Il racconto di Clementi sfugge da un luogo all’altro, di situazione in situazione, da Bologna degli anni ’80, all’infanzia a San Benedetto del Tronto (anni ’70) fino alla Svezia; nel romanzo si può leggere della consapevolezza di un uomo diventato adulto, dei primi passi sulle proprie gambe, della nascita dei Massimo Volume, del loro scioglimento, del quotidiano, magnifico o crudo che sia. In corrispondenza con ciò si trova l’America di Carnevali, lo sporco, la poesia, il coraggio, la sofferenza, il dolore, la morte, la capacità dell’arte di trovare nuova vita nei cuori altrui.

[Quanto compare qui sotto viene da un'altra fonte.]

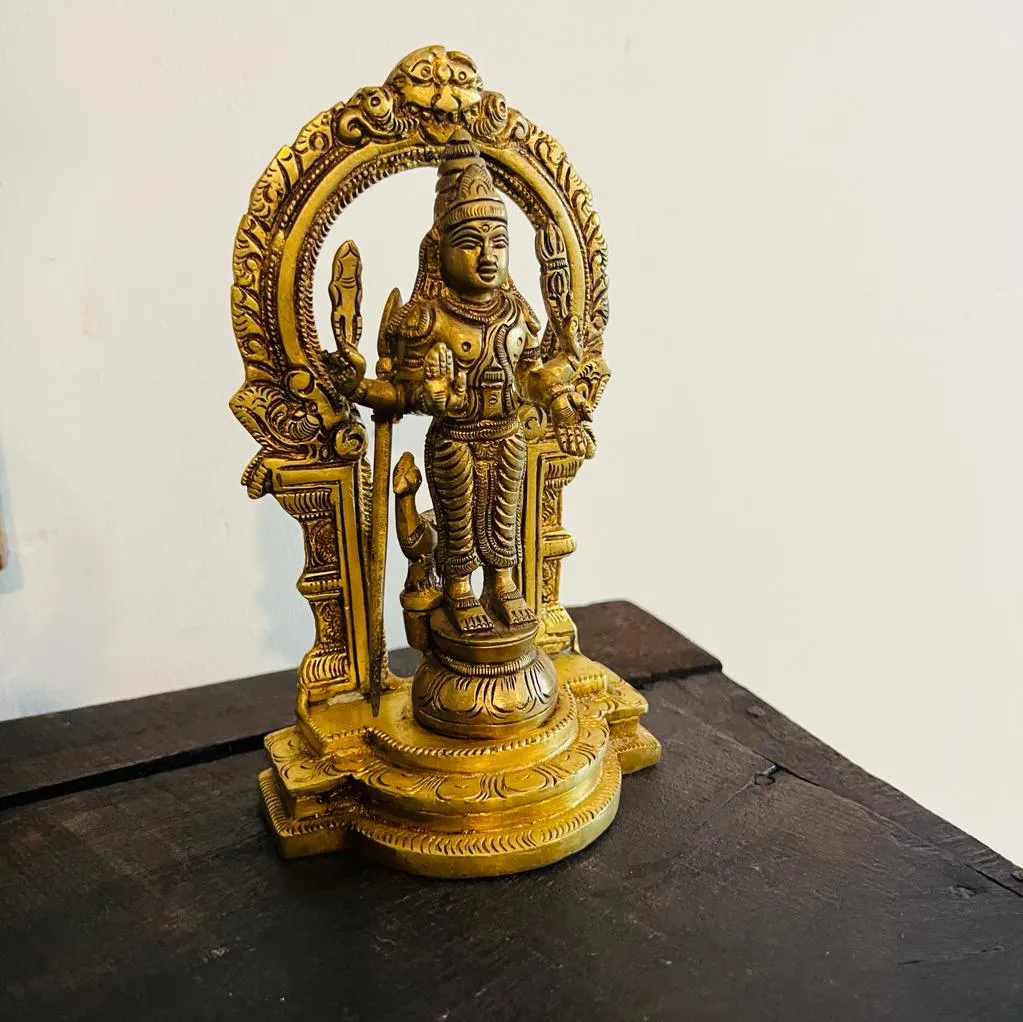 Pital 10 : Vintage Style Brass Statue of Lord Murugan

Clementi racconta l’incontro con Carnevali come qualcosa di più di una fascinazione letteraria: la sua vita è cambiata perchè Il primo dio ne ha scontornato gli spigoli, ne ha creati altri. In un’intervista affermava che il romanzo si chiama L’ultimo dio, perchè Carnevali, per lui, è stato quello: dopo di lui, non ha sentito più la necessità di ammirare così tanto qualcuno, non ha sentito più il bisogno di affidarsi a qualcuno.

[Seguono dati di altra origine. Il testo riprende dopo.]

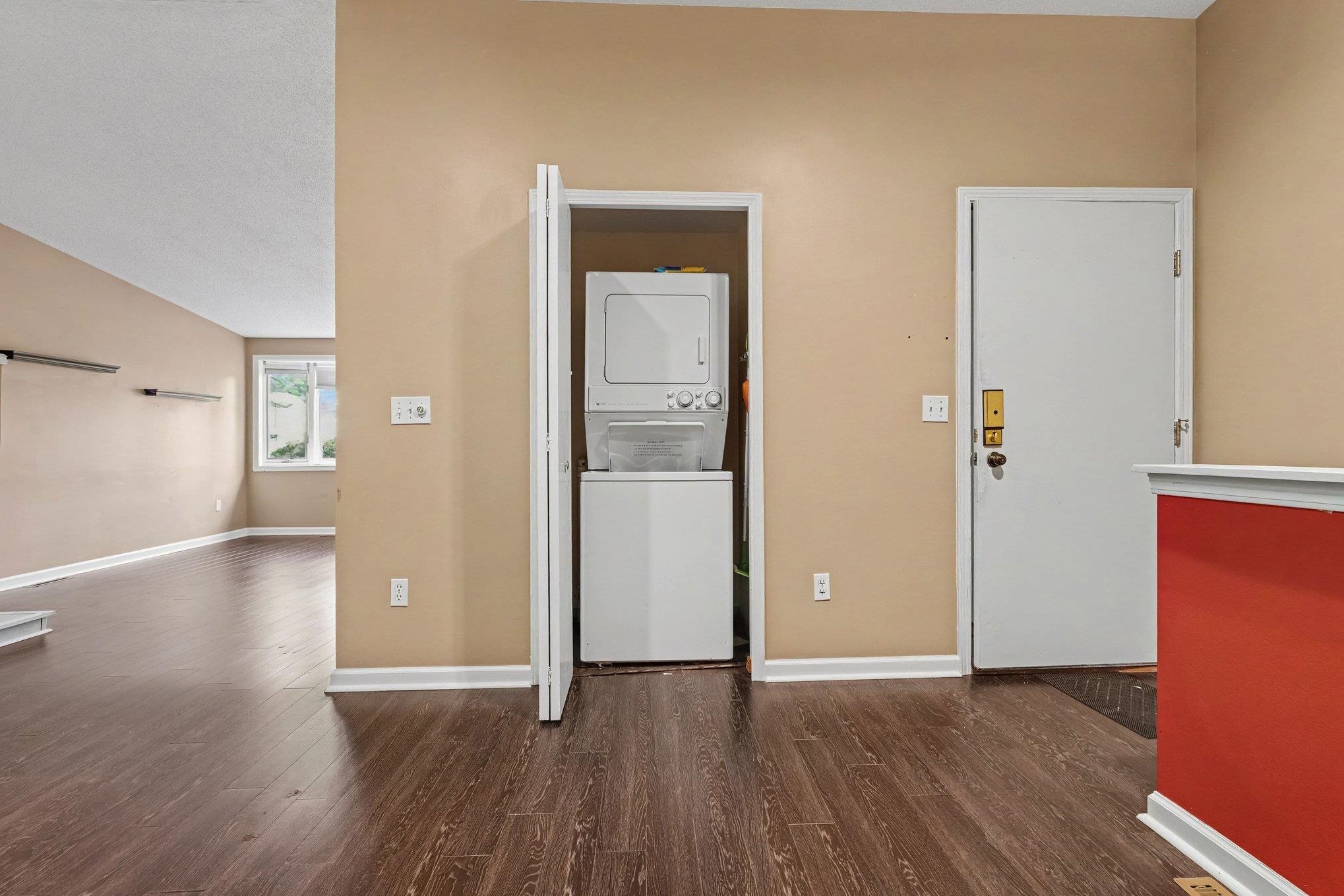 414 Morningside Drive Property Photo 5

Questa è la poesia di Carnevali vista attraverso la vita di Clementi. Oggi quest’ultimo ce ne ha parlato in un evento unico ed irripetibile, il cui ricordo tutti i presenti porteranno per lungo tempo al caldo dentro di sé.
Il corpo di Carnevali riposa da qualche parte, in un punto imprecisato qui intorno a noi, vicino a noi, e mai come oggi suonano vere e profetiche queste parole che Carnevali un giorno scrisse.

Ai poeti

Essenze di ogni bellezza interiore,
violini le cui corde vibrano
in lunghe, dolci, delicate armonie –
anche se vi toccano le dita ruvide del mondo,
anche se vi toccano le dita fredde del Dolore –
pensate al giorno
in cui dal sonno delle vostre tombe
vi desteranno il tuono delle vostre voci
e il vento forte, fresco della vostra musica:
e nella terra fertile degli anni
le vostre voci fioriranno e diverranno tuono,
la vostra musica diverrà vento che purifica e crea.

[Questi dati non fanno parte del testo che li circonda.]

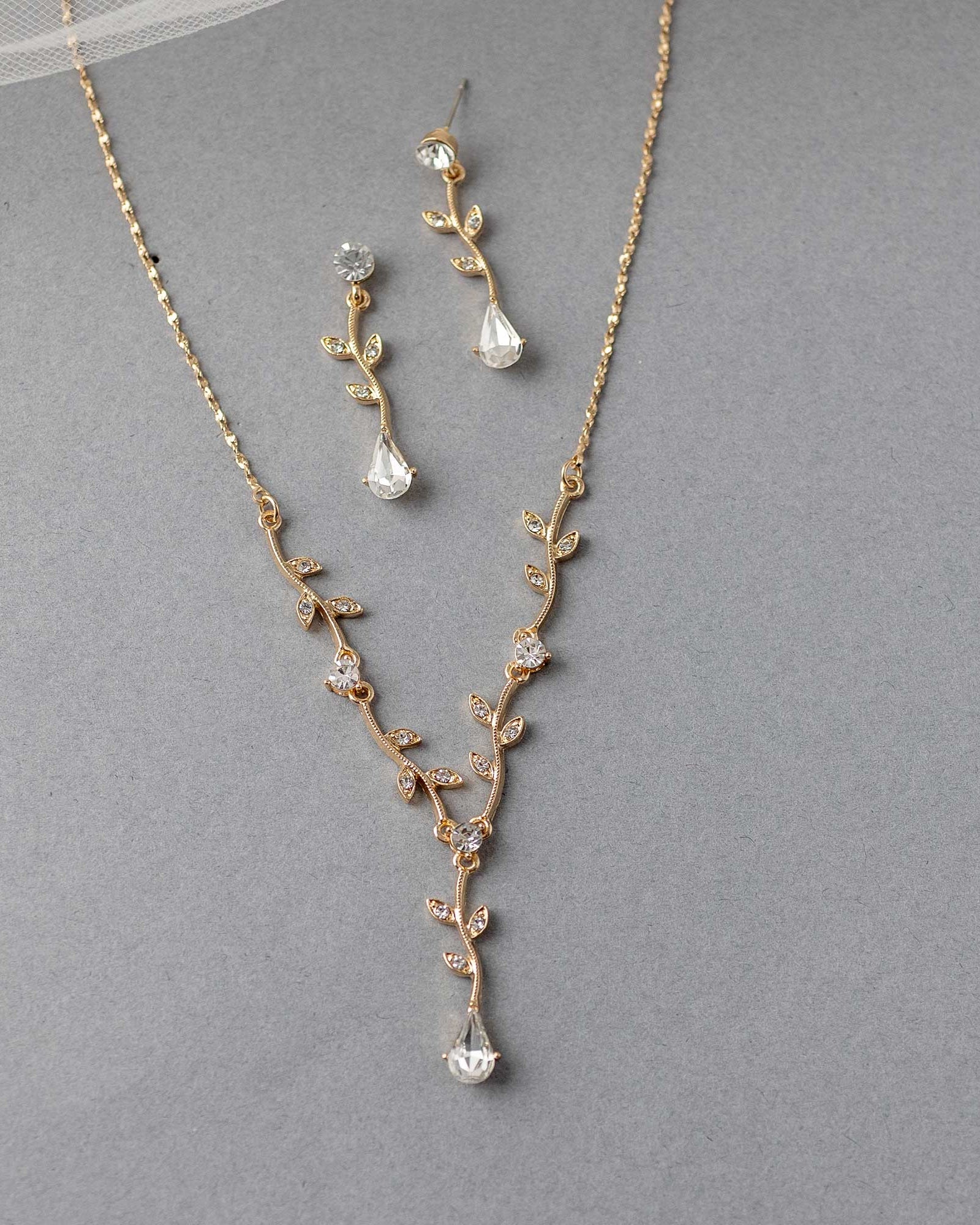 Simple Crystal Vine Necklace Set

(Emanuel Carnevali da Lo splendido luogo comuneIl primo dio, 1918, ed. Adelphi)

Ora ho un sentore, come un brivido leggero ma definito: sento che questa serata mi ha segnato. Forse non quanto a Clementi segnò la lettura in una sola notte del romanzo di Carnevali, però sento ancora viva sulla mia pelle l’intensità dell’incontro magnifico al quale ho assistito. Come due persone che si rinnovano stima ed amicizia, questa sera al Cimitero Monumentale La Certosa di Bologna è andato in scena uno spettacolo intimo ed appassionato. Ne è testimone tutta la gente che pian piano, in difficoltà nel sentire il rimbombo delle parole sulle pareti secolari, si accalcava sempre più vicino a Clementi, e chi come me sul finale si è spostato dietro agli amplificatori, per sentire la voce viva di Clementi, senza filtro.
Non è stato un concerto, forse qualcosa di più simile ad un rito pagano. Un reciproco dirsi “grazie”, tra uomini ed artisti, e mi piace convincermi di averlo sentito echeggiare insieme i miei passi, nel silenzio del camposanto.